Knowledge Management has been a hot topic for awhile, especially in the Government and in light of open data and data driven metrics for decision making. This all sounds great, but more than once, I have been asked to translate all this jargony speak into human speak. What is knowledge management and what does it look like?

Instead of giving you definitions, I want to walk you through the knowledge management process, from the perspective of a normal organization. But before we start, think to yourself, "What is the purpose of knowledge management? Keep that answer in mind as we walk through.

Step 1: Generate

Companies generate (create, locate, improve) data, through meetings, calls, evaluations, reports, trips, surveys, twitter posts, conferences, pretty much everything they do.

Step 2: Capture

Some of that data is captured as information sometimes formally in reports, documents, and databases, other times informally in email inboxes, community of practice discussions, notes, and in memories of conversations in the hallway.

Step 3: Archive

Official information is archived, such as categorized in libraries, filing systems, and databases.

Step 4: Find and Step 5: Inform

However, to turn that information to knowledge, the information first has to be FOUND and second, it has to be used to INFORM new decisions.

Much of the time, to make the information useful to inform new decisions outside the original context, someone has to perform an analysis.

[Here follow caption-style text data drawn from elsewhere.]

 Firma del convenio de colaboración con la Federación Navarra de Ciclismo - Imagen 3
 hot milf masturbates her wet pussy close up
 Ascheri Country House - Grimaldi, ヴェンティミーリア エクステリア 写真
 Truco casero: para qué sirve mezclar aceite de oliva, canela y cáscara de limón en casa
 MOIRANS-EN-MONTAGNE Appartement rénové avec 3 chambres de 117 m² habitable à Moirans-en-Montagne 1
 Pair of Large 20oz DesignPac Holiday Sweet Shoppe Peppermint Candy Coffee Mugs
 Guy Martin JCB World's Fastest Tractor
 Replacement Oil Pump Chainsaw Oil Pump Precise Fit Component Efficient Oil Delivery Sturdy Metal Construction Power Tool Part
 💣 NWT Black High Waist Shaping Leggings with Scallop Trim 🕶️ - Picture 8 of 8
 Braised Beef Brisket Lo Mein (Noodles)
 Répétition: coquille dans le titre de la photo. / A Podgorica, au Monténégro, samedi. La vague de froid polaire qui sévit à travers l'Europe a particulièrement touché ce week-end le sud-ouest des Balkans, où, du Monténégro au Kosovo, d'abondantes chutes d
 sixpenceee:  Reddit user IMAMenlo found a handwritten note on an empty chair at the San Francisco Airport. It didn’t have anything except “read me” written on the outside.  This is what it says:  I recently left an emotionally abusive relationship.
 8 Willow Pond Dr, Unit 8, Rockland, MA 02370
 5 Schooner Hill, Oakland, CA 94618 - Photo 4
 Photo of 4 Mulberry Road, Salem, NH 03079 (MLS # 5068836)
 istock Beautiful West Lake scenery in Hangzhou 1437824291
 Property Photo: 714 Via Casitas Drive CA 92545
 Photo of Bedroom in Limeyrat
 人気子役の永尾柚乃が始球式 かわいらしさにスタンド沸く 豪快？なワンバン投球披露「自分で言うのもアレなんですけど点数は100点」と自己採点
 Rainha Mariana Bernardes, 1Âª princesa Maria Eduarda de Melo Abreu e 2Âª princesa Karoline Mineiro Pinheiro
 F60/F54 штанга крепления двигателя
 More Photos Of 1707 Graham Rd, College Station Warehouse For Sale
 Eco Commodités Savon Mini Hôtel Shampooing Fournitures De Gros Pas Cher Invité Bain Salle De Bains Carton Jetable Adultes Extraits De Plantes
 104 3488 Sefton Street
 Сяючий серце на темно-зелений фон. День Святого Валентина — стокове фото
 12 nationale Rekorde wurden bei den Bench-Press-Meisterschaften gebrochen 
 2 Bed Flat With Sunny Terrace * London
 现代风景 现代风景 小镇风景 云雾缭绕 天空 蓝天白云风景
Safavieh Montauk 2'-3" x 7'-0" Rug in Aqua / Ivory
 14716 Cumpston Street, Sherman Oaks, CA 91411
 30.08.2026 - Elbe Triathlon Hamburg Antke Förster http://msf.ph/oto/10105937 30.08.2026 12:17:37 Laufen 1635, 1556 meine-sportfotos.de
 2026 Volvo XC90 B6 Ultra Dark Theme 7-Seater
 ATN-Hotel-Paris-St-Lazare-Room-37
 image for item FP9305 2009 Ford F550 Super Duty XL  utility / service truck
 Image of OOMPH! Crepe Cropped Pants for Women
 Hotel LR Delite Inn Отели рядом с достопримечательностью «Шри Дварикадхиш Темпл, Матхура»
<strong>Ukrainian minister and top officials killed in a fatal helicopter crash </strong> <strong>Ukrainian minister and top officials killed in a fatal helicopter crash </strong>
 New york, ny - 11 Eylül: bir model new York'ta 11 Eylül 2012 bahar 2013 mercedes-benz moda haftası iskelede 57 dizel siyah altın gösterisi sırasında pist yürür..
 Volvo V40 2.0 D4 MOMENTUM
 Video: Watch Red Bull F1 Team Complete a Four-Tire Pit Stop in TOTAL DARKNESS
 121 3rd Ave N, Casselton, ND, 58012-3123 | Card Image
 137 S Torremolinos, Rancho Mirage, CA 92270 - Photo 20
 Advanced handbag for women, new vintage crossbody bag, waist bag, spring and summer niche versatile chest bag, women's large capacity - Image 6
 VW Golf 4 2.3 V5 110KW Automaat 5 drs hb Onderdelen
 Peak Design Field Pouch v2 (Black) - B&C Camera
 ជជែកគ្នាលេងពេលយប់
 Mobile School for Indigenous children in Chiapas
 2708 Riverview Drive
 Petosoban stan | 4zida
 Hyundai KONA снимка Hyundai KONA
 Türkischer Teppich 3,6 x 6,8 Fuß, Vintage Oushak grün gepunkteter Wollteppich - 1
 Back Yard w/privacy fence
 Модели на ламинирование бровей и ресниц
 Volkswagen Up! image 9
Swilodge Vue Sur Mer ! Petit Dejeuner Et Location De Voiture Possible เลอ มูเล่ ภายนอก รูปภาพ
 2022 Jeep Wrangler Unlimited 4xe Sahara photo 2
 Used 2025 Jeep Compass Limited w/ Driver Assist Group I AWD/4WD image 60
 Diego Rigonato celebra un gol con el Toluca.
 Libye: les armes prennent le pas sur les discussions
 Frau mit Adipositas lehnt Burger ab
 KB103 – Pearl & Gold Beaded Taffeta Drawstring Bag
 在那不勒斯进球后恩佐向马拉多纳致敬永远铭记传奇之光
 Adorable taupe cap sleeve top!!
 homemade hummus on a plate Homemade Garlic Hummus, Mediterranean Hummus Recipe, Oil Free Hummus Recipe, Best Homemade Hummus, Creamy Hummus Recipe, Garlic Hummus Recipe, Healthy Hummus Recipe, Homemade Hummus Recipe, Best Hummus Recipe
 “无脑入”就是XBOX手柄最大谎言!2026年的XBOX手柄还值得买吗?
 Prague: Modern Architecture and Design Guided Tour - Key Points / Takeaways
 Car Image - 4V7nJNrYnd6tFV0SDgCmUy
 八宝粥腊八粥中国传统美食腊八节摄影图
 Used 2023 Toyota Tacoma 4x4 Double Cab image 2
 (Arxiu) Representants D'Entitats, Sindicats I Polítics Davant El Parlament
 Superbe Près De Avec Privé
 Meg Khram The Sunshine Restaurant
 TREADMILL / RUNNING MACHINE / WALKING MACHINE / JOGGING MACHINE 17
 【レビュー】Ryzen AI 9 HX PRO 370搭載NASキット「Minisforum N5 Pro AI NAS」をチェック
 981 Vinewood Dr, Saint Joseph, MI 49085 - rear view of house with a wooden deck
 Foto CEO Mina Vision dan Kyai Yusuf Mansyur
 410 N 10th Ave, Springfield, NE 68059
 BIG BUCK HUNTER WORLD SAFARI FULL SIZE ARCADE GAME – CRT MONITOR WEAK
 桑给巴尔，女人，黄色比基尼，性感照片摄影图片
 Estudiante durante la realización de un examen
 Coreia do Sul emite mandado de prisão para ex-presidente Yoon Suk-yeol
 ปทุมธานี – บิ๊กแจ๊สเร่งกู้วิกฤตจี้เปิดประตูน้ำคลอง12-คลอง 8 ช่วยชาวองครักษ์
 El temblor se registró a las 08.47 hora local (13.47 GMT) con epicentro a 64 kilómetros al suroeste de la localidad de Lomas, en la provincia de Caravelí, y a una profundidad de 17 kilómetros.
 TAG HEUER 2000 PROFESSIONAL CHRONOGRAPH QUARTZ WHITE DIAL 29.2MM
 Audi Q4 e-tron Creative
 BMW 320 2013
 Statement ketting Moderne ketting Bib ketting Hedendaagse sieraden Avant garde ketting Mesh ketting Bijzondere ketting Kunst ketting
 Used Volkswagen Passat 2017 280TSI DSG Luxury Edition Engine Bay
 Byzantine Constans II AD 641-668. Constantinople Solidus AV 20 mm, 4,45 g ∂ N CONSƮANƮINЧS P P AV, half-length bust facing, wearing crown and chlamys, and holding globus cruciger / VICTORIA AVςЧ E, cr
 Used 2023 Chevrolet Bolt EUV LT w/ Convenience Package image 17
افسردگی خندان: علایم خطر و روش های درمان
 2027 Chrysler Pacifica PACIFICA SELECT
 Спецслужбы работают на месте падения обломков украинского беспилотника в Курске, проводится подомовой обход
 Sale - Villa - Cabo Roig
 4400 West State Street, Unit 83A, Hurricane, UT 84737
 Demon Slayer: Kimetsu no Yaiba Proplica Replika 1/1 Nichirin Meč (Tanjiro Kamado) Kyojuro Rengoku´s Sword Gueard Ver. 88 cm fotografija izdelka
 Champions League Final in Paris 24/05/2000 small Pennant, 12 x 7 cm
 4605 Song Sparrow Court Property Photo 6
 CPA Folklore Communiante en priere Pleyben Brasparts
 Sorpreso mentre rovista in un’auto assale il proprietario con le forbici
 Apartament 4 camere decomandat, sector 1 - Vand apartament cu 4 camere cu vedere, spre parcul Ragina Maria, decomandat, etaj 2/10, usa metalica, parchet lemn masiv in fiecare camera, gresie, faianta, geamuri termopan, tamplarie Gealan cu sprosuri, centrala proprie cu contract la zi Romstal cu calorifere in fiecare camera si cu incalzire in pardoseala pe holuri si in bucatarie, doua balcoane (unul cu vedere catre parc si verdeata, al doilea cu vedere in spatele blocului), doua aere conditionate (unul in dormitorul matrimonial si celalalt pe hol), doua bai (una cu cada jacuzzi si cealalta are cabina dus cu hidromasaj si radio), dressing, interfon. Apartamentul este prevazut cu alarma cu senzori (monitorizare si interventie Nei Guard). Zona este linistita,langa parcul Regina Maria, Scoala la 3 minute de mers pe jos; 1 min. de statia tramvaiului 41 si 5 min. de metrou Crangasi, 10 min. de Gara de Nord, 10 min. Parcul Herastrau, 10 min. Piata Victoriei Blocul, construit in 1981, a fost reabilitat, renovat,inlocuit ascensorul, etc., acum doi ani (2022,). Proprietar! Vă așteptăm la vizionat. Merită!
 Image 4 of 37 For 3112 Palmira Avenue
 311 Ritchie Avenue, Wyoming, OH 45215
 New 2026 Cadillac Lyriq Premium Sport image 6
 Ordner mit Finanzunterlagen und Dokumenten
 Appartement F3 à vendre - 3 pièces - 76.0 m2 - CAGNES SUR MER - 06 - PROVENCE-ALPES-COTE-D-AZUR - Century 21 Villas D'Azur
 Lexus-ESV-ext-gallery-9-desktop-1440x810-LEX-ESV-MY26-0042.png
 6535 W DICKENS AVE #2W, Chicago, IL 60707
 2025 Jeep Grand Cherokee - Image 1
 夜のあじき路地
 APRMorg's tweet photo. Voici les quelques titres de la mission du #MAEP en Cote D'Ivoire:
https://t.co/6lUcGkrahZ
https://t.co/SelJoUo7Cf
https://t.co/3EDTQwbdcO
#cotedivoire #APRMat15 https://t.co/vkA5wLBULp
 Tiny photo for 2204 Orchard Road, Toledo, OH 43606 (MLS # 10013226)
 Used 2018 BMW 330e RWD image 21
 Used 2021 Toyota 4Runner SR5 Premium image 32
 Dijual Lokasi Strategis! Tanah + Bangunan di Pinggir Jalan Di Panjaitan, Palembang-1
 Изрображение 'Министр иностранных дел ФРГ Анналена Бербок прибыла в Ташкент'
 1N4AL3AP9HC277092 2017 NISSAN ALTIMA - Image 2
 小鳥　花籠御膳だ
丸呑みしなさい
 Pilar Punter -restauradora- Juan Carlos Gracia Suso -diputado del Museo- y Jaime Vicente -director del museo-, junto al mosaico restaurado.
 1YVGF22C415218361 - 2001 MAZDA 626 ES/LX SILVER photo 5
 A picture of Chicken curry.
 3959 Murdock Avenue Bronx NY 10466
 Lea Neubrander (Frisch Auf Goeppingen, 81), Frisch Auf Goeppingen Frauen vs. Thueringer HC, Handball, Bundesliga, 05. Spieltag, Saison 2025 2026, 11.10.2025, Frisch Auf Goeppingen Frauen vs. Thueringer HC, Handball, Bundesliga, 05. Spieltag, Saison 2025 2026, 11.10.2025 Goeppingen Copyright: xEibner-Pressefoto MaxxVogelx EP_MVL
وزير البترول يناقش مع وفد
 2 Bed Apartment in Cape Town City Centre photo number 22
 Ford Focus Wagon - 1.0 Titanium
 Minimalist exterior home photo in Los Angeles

This analysis step is only possible if the data and information are available through the previous steps. 

Companies can do a lot to make this analysis easier and more accessible through structuring and formatting their KM systems (such as through dashboards, mapping, and visualizations) using open data standards. 


Knowledge management is about creating systems to allow the generation, capture and archival of data and information, so that it can be efficiently found and used to inform.

The more people unconnected directly to the person who generated the information who can find and use it to inform their decisions, the healthier the system.